Lucy O’Doherty’s quirky, immediately identifiable aesthetic is the result of experimentations with colour, technique, light and shade. Using a retro colour palette and undefined brush strokes, she presents an idiosyncratic imitation of suburbia inspired by Depression Era architecture, motel postcards, and 1950s-60s Australian beach culture. Exploiting our sense of nostalgia, O’Doherty evokes unsettling feelings of déjà vu in the viewer – creating worlds that are simultaneously real and surreal, familiar and unknown. Picture perfect at first glance, deeper inspection reveals something a little bit ‘off’ – like childhood memories of long ago places. Was it as idyllic as it seemed, or is childish naivety toying with our recollections? Are we safe here, or is this dreamlike domesticity about to morph into something altogether more sinister?
O’Doherty’s choice of materials aids the surreal sense of mystery that defines her work as the oil sinks into the stretched linen, creating soft lines that hum with an indefinable edge. Her domestic spaces take on a still-life quality as she treats shadows with a solidity that dissects the compositions into an investigation of shapes.

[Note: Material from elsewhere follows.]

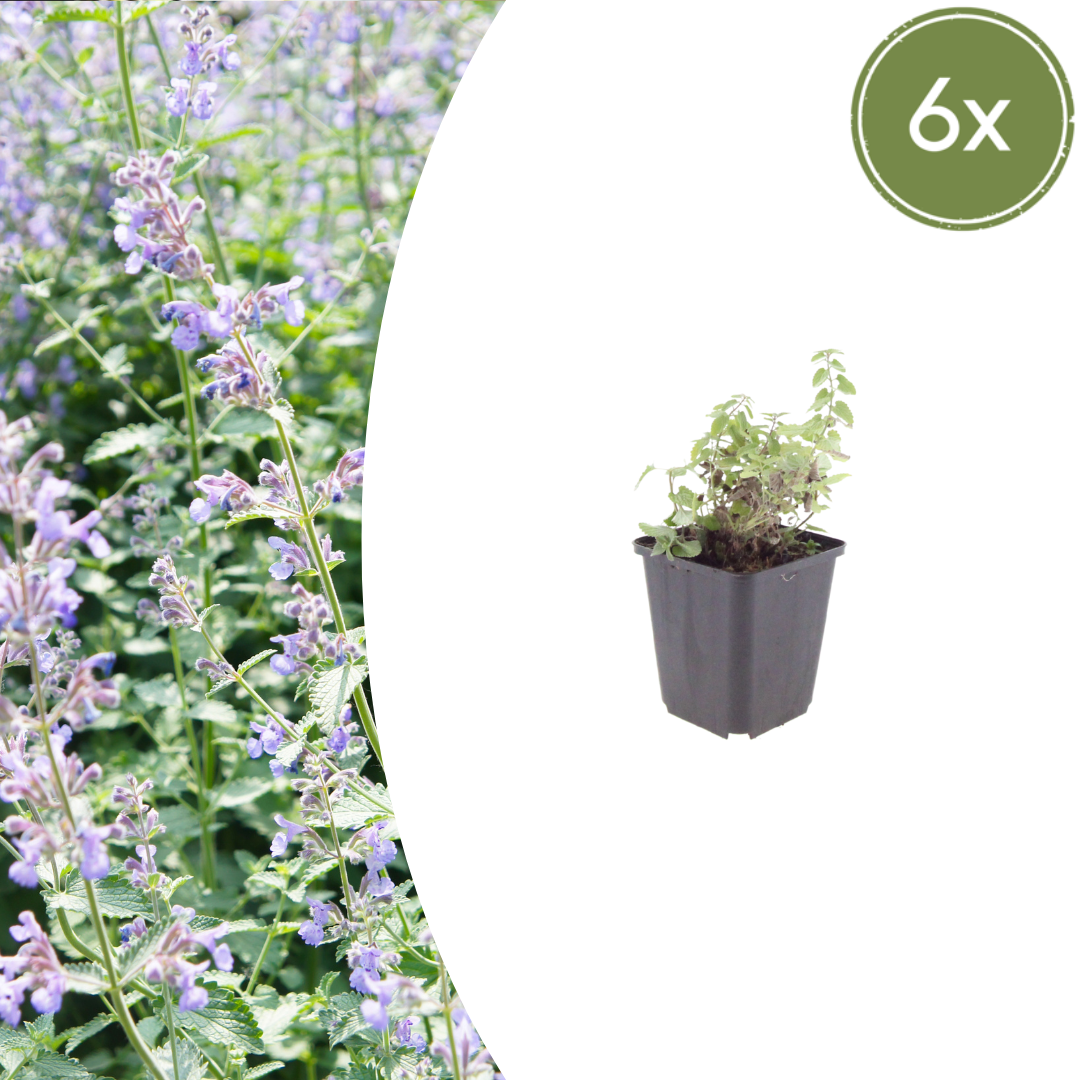 Nepeta faassenii Katzenminze – 6 Pflanzen – Ø9cm – Höhe 10-25cm – Lavendelblaue Blüten – Winterharte Staude – Für Beet, Rabatte & Bienenweide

Winner of the prestigious Brett Whiteley Travelling Scholarship (2016), O’Doherty completed her Bachelor of Fine Arts at the National Art School, Sydney, in 2011. Highly commended in the Pro Hart Outback Prize in 2016, she has been a finalist in the Mosman Art Prize in 2015, the Brunswick St Gallery Small Works Prize in 2013 and 2012, and the Lethbridge 10000 Small-Scale Art Award in 2012. Her work is held in the Artbank Collection, Imago Mundi Bennetton Collection and in private collections in Australia.